There has been a growing effort to repatriate artifacts illicitly obtained and traded on the international market and return them to their countries of origin and preserve their cultural value. Such artifacts include those held by museums such as the Getty Museum (e.g. Victorious Youth) and the Metropolitan Museum of Art (e.g. Euphronios Krater). In July 2023, a repatriation ceremony was held at the Indian Consulate in New York City to celebrate the handing over of 105 trafficked antiquities to India. The countries had agreed to prevent illegal trafficking of cultural artefacts during Prime Minister Modi's state visit to US. The artifacts span a period from the 2nd to 19th centuries. Around 50 of them have religious significance.

To combat looting, aerial surveillance - the effectiveness of which depends on the capability to perform systematic prospections - is increasingly being used. It is sometimes impractical, due to military activity, political restrictions, the vastness of the area, difficult environments, etc. Space technology could offer a suitable alternative, as in the case of Peru, where an Italian scientific mission directed by Nicola Masini has since 2008 been using very high resolution satellite data to observe and monitor the phenomenon of huaqueros (archaeological looting) in some archaeological areas in southern and northern Peru. The U.S. Government Accountability Office issued a report describing some of the United States’ cultural property protection efforts.
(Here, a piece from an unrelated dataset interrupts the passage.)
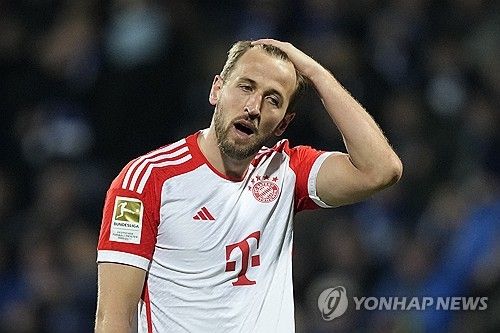 바이에른 뮌헨이 19일 독일 보훔에 위치한 보노비아 루르슈타디온에서 열린 VfL 보훔과의 2023-24시즌 분데스리가 22라운드 원정 경기에서 다요 우파메카노의 퇴장 속에 2-3으로 졌다. 김민재는 풀타임 활약했지만 팀 패배를 막지 못하고 고개를 숙였다. 공식전 3연패에 빠진 뮌헨은 선두 바이엘 레버쿠젠과의 격차가 8점으로 벌어지며 리그 우승 가능성이 더욱 낮아졌다. 연합뉴스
== The ICIJ "Hidden Treasures" investigation ==
In 2022 the International Consortium of Investigative Journalists (ICIJ) began publishing a series of articles about antiquities trafficking as part of the Hidden Treasures project. In a joint investigation with The Indian Express, the ICIJ published a list of more than 1000 cultural heritage objects linked to antiquities trafficker Subhash Kapoor. The ICIJ also ran features on artworks in private collections that had been looted from Cambodia as well as looted artworks that had passed through the Douglas Latchford looting and laundering network. The revelations in these and other investigative reports caused museums and collectors in several countries to relinquish looted art and to hire provenance researchers.

== Antiquities Trafficking Unit Investigations ==
The Antiquities Trafficking Unit (ATU), led by Matthew Bogdanos in conjunction with the Manhattan D.A. initiated numerous criminal investigations into the antiquities smuggling. Numerous repatriations of stolen cultural heritage have resulted. In 2024 the Cleveland Museum of Art sued the Manhattan D.A. in order to stop its "seizure in place" of a bronze statue that had been looted from Turkey, known as "The Emperor as Philosopher, probably Marcus Aurelius (reigned AD 161-180)c. 180-200" or "Draped Male Figure". In 2025 the museum announced it would relinquish the statue as a result of new scientific evidence proving its illicit origins.